Task description
From the first line to the last, please reproduce the material exactly, skipping the pictures.

--- Collected material Enclosed Below ---

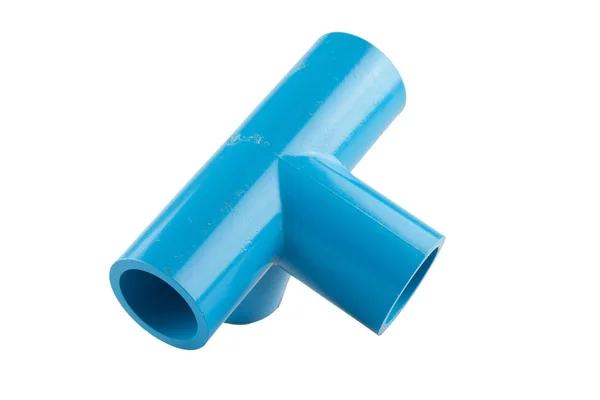 Blauwe pvc pipe-verbinding. — Stockfoto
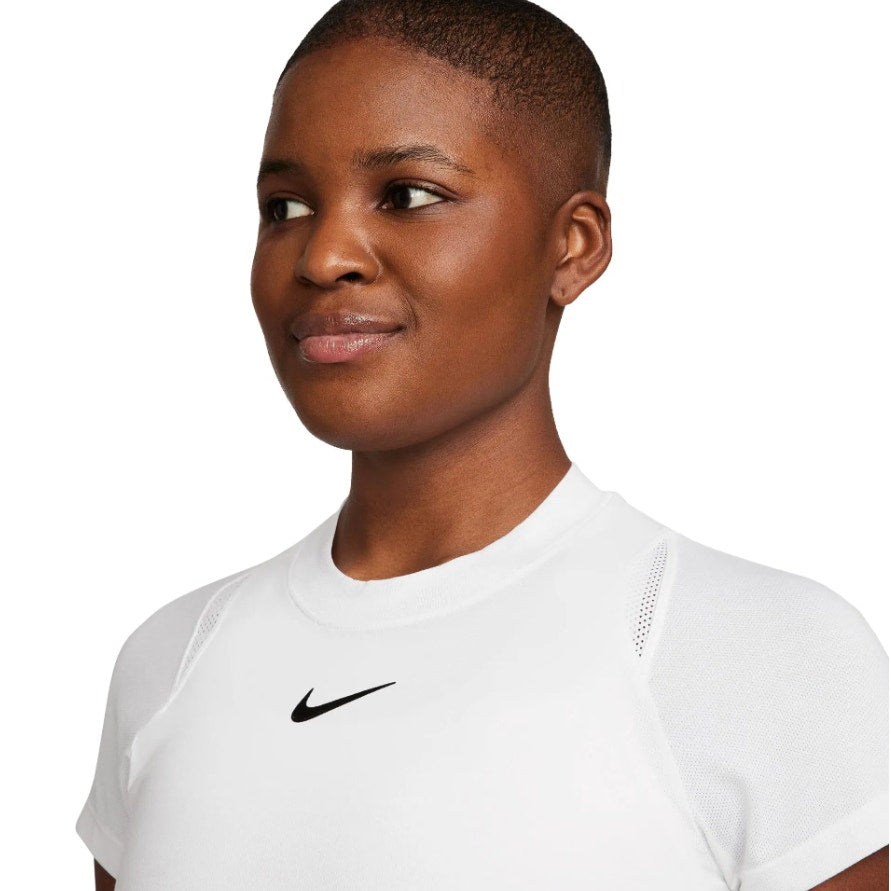 NIKE Women's Court Advantage Tennis T-Shirt Large White Short Sleeve Dri-Fit NWT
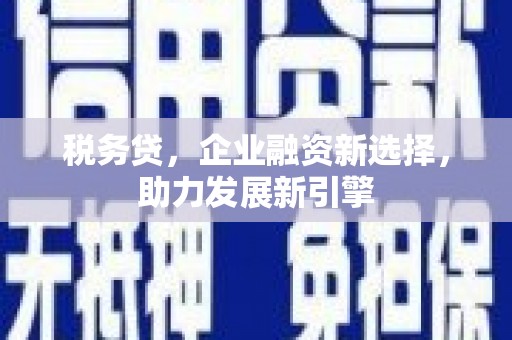 鸡东税务贷，企业融资新选择，助力发展新引擎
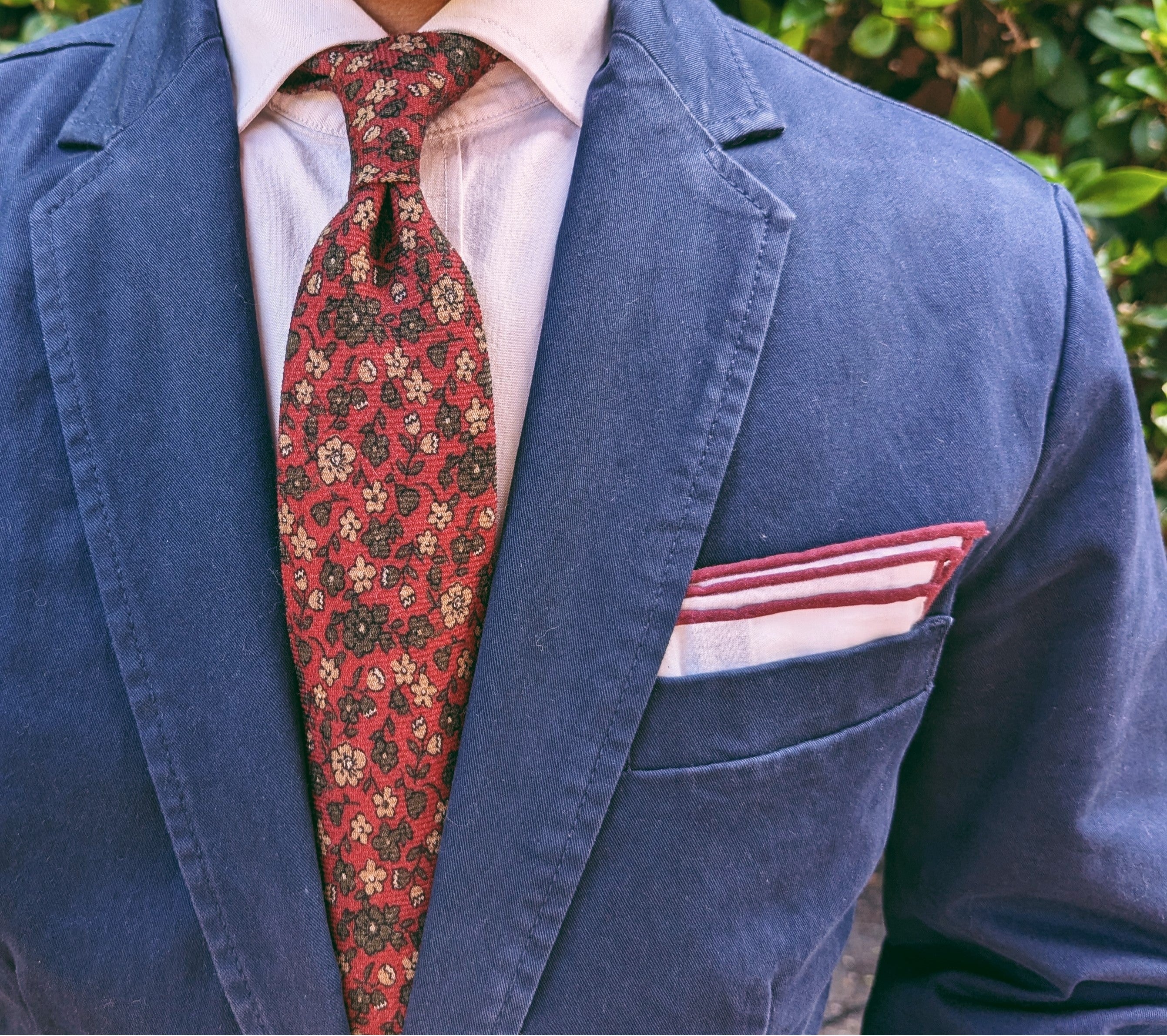 Handmade Sanders Crimson Floral Tie - Wool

--- End of Enclosed Collected material ---

Solution to the exercise
 Blauwe pvc pipe-verbinding. — Stockfoto
 NIKE Women's Court Advantage Tennis T-Shirt Large White Short Sleeve Dri-Fit NWT
 鸡东税务贷，企业融资新选择，助力发展新引擎
 Handmade Sanders Crimson Floral Tie - Wool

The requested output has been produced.